Peptidomics Analysis of Soy Protein Hydrolysates-Antioxidant Properties and Mechanism of their Inhibition of the Oxidation of Palm Olein during Frying Cycles

Abstract

This study determined for the first time the structure of the peptides (i.e., peptidomics) in soy protein hydrolysates and elucidated their effects on an oil's oxidative stability during frying cycles. The oil investigated was palm olein during 0, 4, 8, and 12 frying cycles of plantain banana chips. Proteins were extracted and hydrolyzed with two proteases. Trypsin hydrolysate (HTRY) exhibited higher anti-radical activity (DPPH, 70.2%) than the control (unhydrolyzed proteins, 33.49%) and pepsin hydrolysate (HPEP, 46.1%) at 200 µg/mL. HPEP however showed a 4.6-fold greater reduction of ferric ions (FRAP) while also possessing a higher peroxyl radical scavenging ability (716 ± 30 µM Trolox Eq/g) than HTRY (38.5 ± 35 µM Trolox Eq/g). During oil oxidative stability tests, HPEP improved the oxidative stability of the palm olein oil after 8 and 12 frying cycles, characterized by lower concentrations of hydroperoxides, and carbonyl and volatile compounds. HTRY however exerteda pro-oxidant activity. Structural data from SDS-PAGE and tandem mass spectrometry showed that the mechanism for the greater activity of the pepsin hydrolysate occurred due to unique structural features and a higher percentage of short-chain peptides. This was justified by a 25, 31, and 48% higher contents of tryptophan, histidine, and methionine, respectively (important amino acids with hydrogen atom transfer and electron-donating capacities) in the peptides identified in the pepsin hydrolysate.

Keywords: antioxidants; carbonyls; frying cycles; malondialdehyde; oxidation; palm olein; peptidomics; protein hydrolysates.

Figure 1

(A) Protein content and (B) SDS-PAGE of the soybean protein isolate and its hydrolysates. PNH: soy protein hydrolyzed with pepsin; HTRY: hydrolysate with trypsin; PNH: non-hydrolyzed soy protein. (1) Protein standard; (2) PNH; (3) HTRY; (4) HPEP. Data are means ± SEM (n = 3), and different letters indicate significant differences between means (p < 0.05).

Figure 2

Amino acid frequency of different samples. HTRY: trypsin-hydrolyzed soy protein, HPEP: pepsin-hydrolyzed soybean protein, PNH: non-hydrolyzed soy protein.

Figure 3

Antioxidant activities of samples. (A) DPPH radical scavenging activities at 12.5–200 μg/mL) with vitamin C (VITC as control); (B) FRAP (ferric reducing antioxidant power) with BHT (butylated hydroxy-toluene) as control; (C) ORAC (oxygen radical absorbance capacity) with GSH (glutathione) as control.
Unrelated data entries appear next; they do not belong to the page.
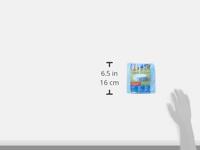 Trixie afdekhoes voor hondenzwembad lichtblauw - thumbnail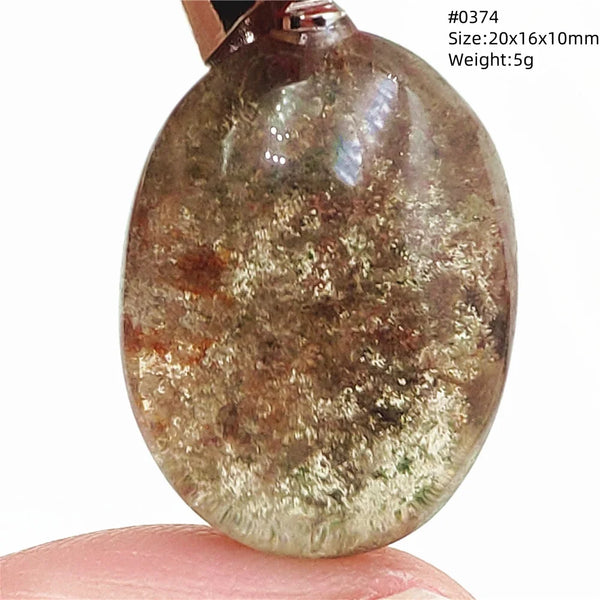 Red Orange Phantom Quartz-ToShay.org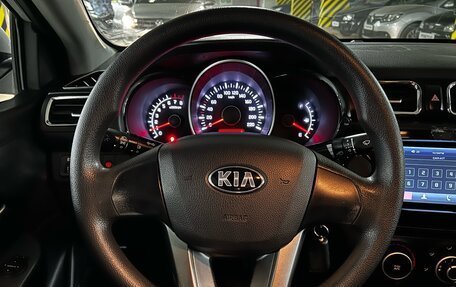 KIA Rio III рестайлинг, 2013 год, 749 000 рублей, 14 фотография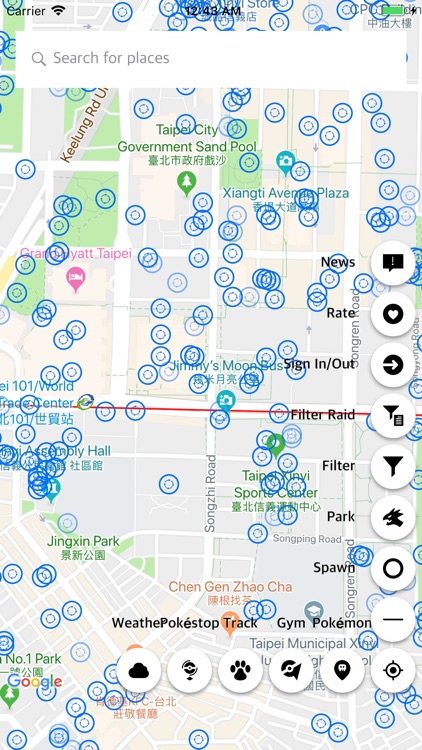 WeCatch Radar Map by CD Studio LLC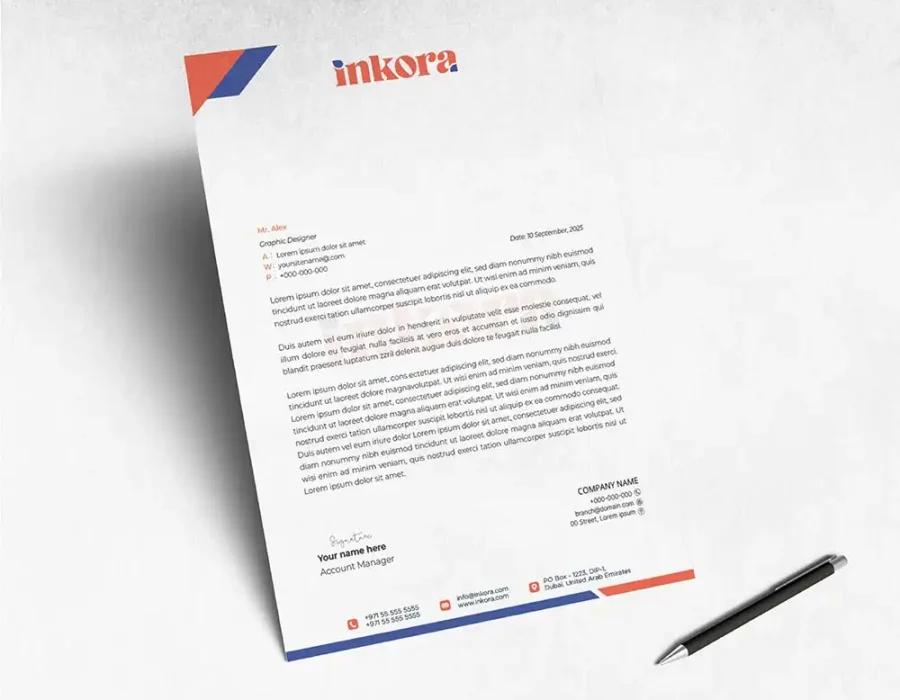 Letter-Head-Printing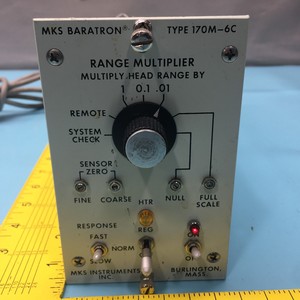 MKS 170M-6C Range <b>Multiplier</b>, Baratron, 128203 - Trusted Global Legacy Semiconductor Equipment and Parts at - Product Image 1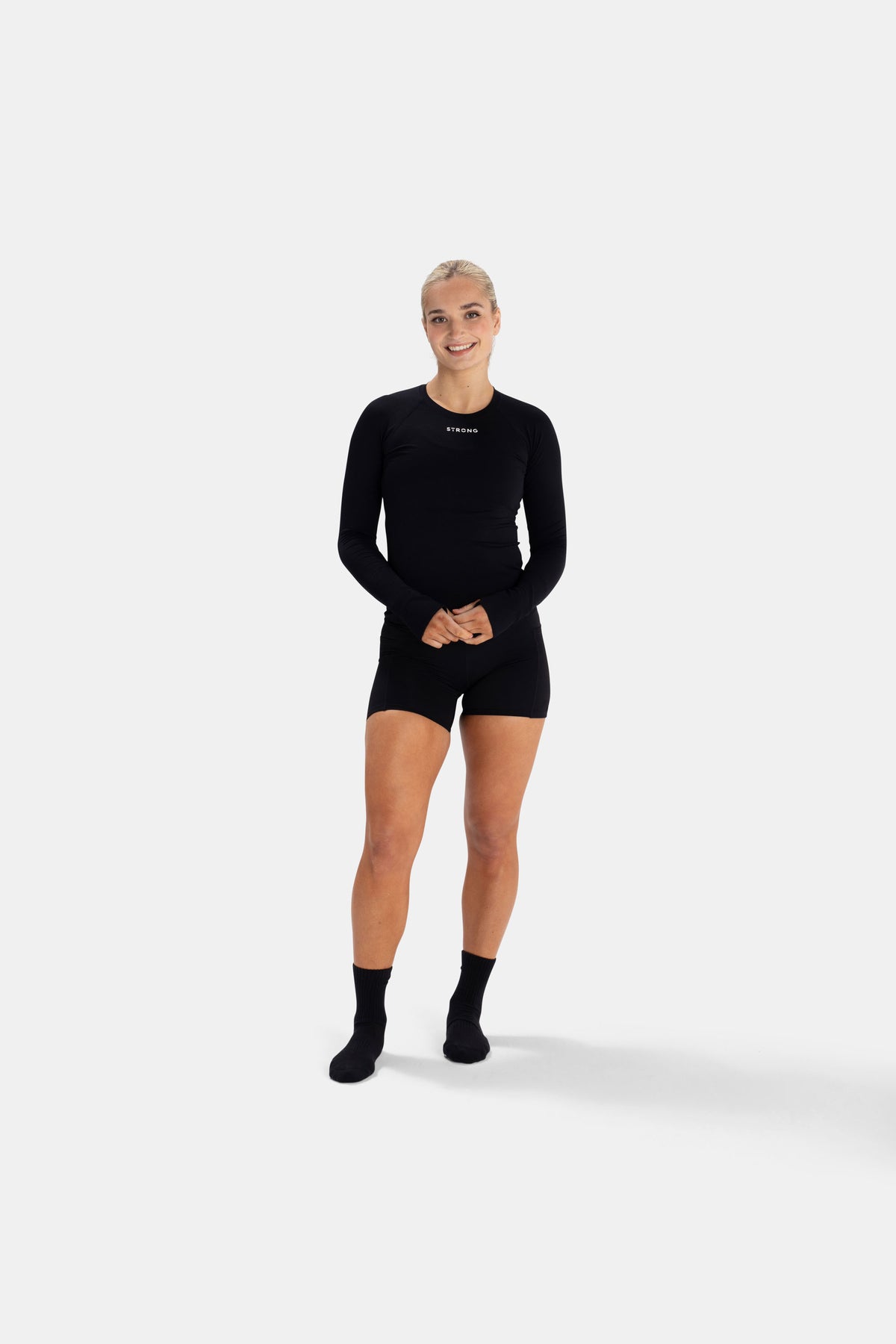 STRONG Seamless Ls Tee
HTRY: soy protein hydrolysate with trypsin, HPEP: soy protein hydrolysate with pepsin, PNH: non-hydrolyzed soy protein. Data are means ± SEM (n = 3), and different letters indicate significant differences between means (p < 0.05).

Figure 4

Oxidative indices of samples after 0, 4, 8, and 12 frying cycles. Cycle duration was 6 min. (A) Peroxide value; (B) thiobarbituric acid value; (C) anisidine value. HNS: unstabilized oil (no hydrolysate), HPEP: oil stabilized with pepsin hydrolysate, HTRY: oil stabilized with trypsin hydrolysate, BHT: oil stabilized with butylated hydroxytoluene. Data are means ± SEM (n = 3), and different letters indicate significant differences between means of all groups (p < 0.05).

Figure 5

(A) Total oxidation index; (B) iodine values; and (C) acid values of samples after 0, 4, 8, and 12 frying cycles. Cycle duration was 6 min. HNS: unstabilized oil (no hydrolysate), HPEP: oil stabilized with pepsin hydrolysate, HTRY: oil stabilized with trypsin hydrolysate, BHT: oil stabilized with butylated hydroxytoluene. Data are means ± SEM (n = 3), and different letters indicate significant differences between means of all groups (p < 0.05).